§ **Problem to work on**: For every record beneath this instruction, give an exact repetition, omitting images.

(Records from a data collection)
=====

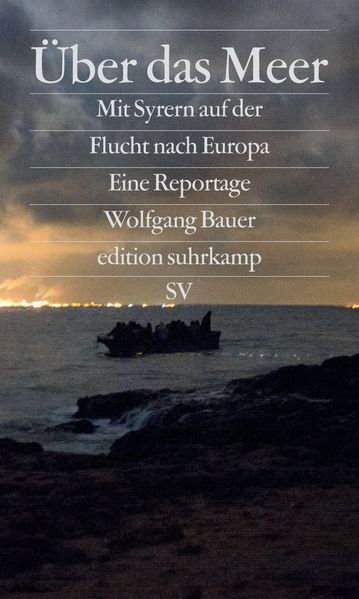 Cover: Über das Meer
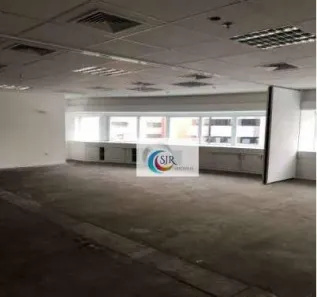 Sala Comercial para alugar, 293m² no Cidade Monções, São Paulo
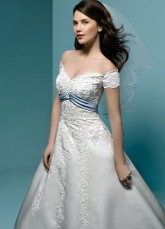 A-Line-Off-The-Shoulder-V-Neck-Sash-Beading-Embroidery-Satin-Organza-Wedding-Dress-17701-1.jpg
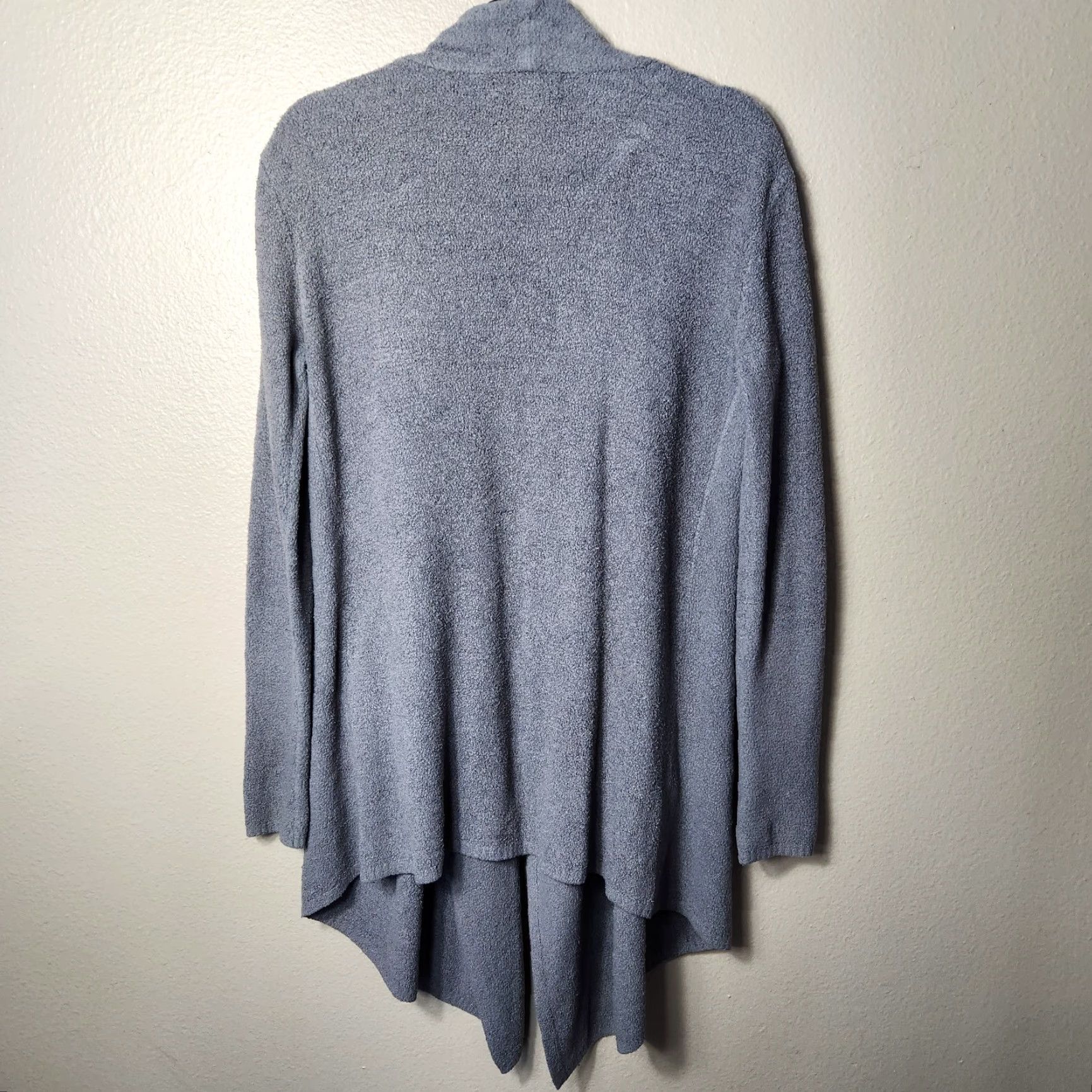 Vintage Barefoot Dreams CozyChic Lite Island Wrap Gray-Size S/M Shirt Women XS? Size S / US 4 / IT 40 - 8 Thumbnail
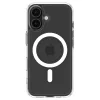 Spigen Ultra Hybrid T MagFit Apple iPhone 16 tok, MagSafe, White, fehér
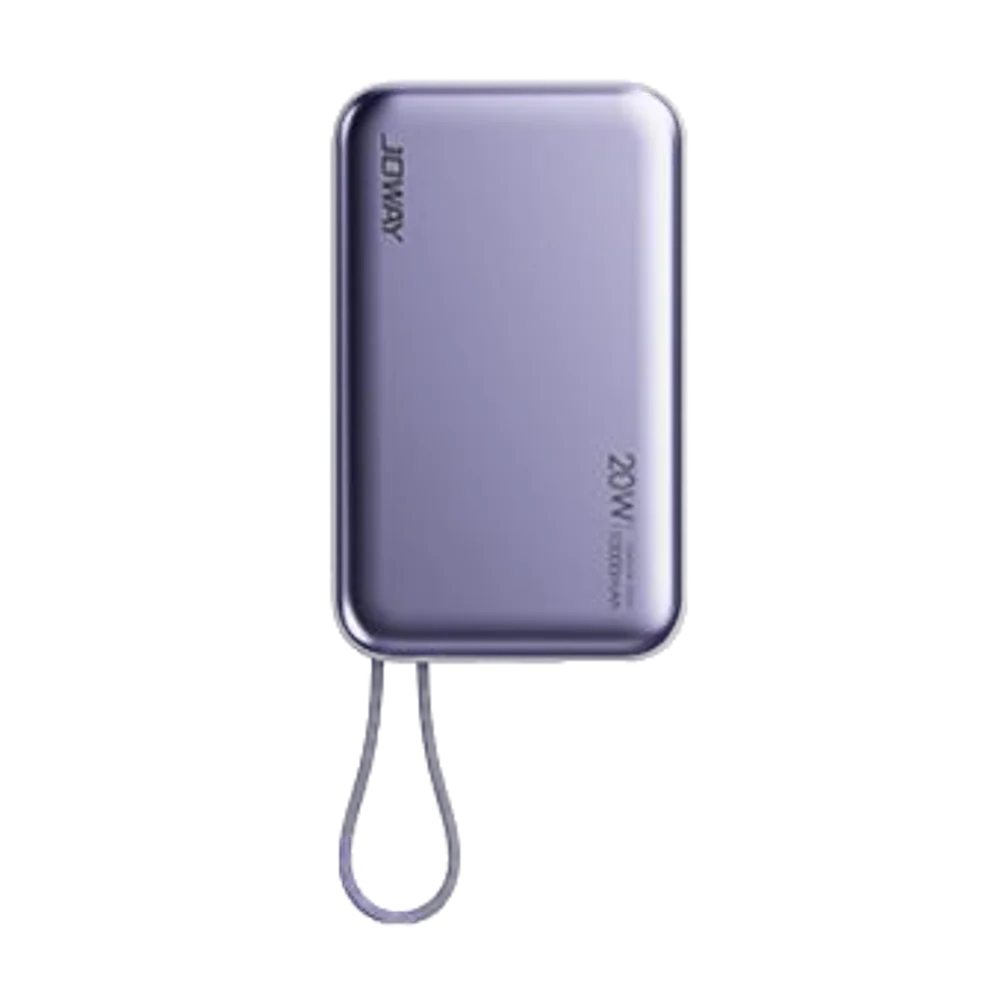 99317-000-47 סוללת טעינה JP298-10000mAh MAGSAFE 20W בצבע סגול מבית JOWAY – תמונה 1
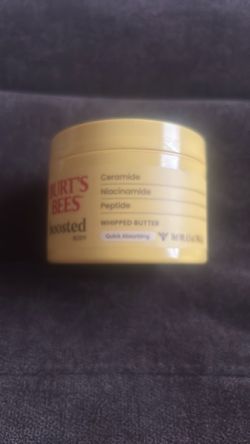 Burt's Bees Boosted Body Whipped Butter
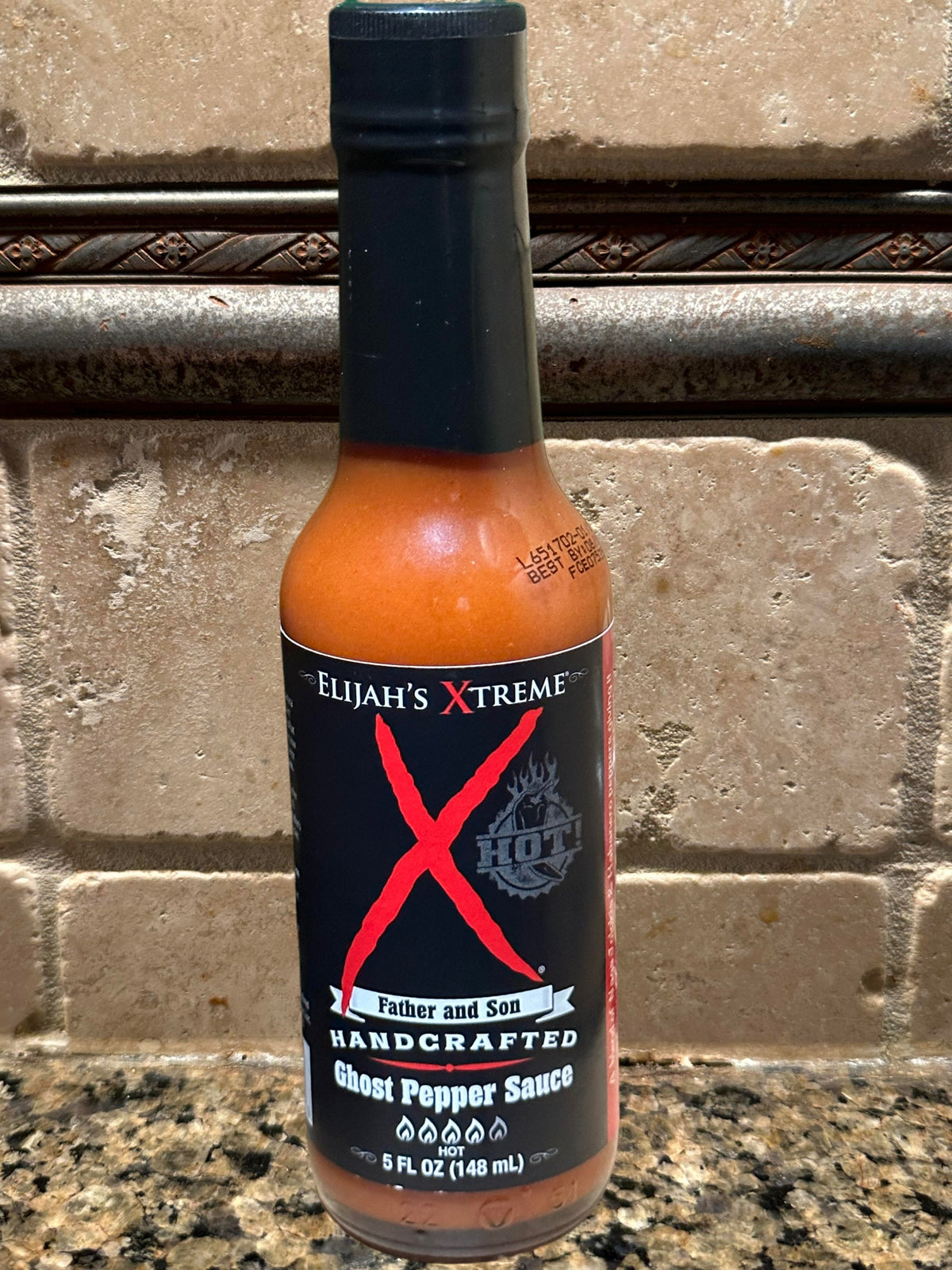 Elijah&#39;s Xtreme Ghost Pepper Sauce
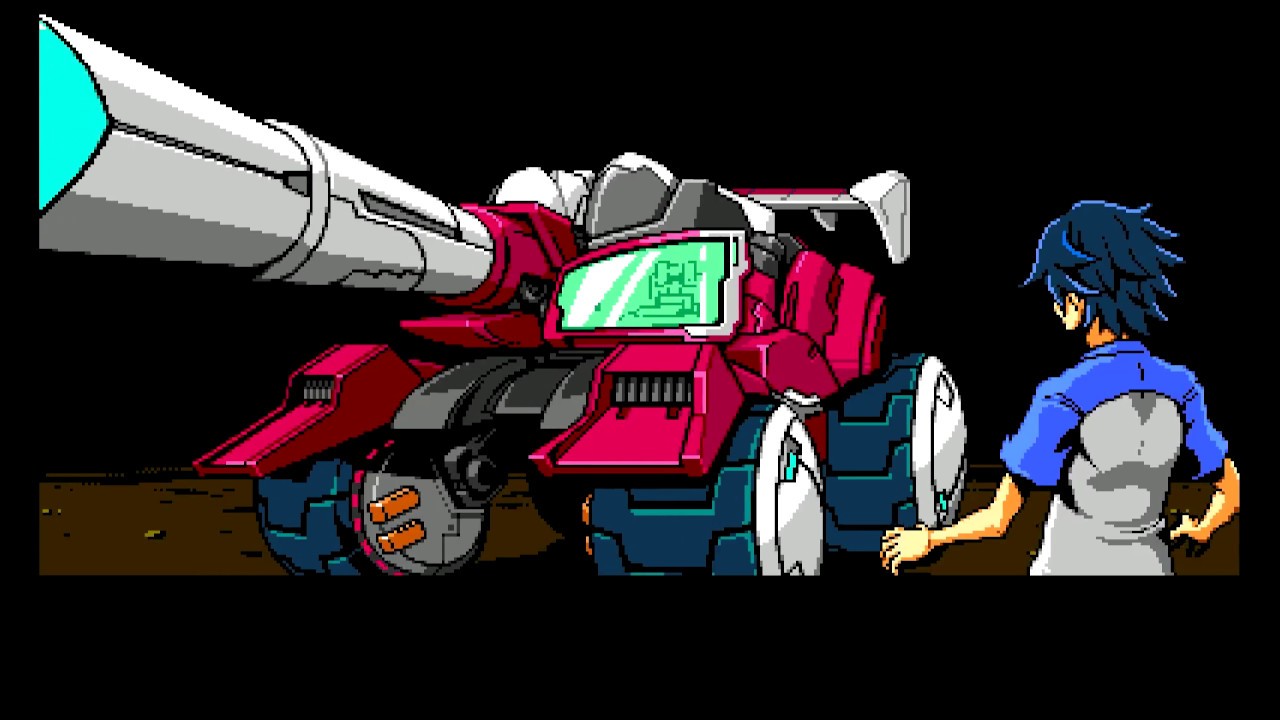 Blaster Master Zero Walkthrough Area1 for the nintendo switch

=====

§ **Solved exercise**:
 Cover: Über das Meer
 Sala Comercial para alugar, 293m² no Cidade Monções, São Paulo
 A-Line-Off-The-Shoulder-V-Neck-Sash-Beading-Embroidery-Satin-Organza-Wedding-Dress-17701-1.jpg
 Vintage Barefoot Dreams CozyChic Lite Island Wrap Gray-Size S/M Shirt Women XS? Size S / US 4 / IT 40 - 8 Thumbnail
 Spigen Ultra Hybrid T MagFit Apple iPhone 16 tok, MagSafe, White, fehér
 99317-000-47 סוללת טעינה JP298-10000mAh MAGSAFE 20W בצבע סגול מבית JOWAY – תמונה 1
 Burt's Bees Boosted Body Whipped Butter
 Elijah&#39;s Xtreme Ghost Pepper Sauce
 Blaster Master Zero Walkthrough Area1 for the nintendo switch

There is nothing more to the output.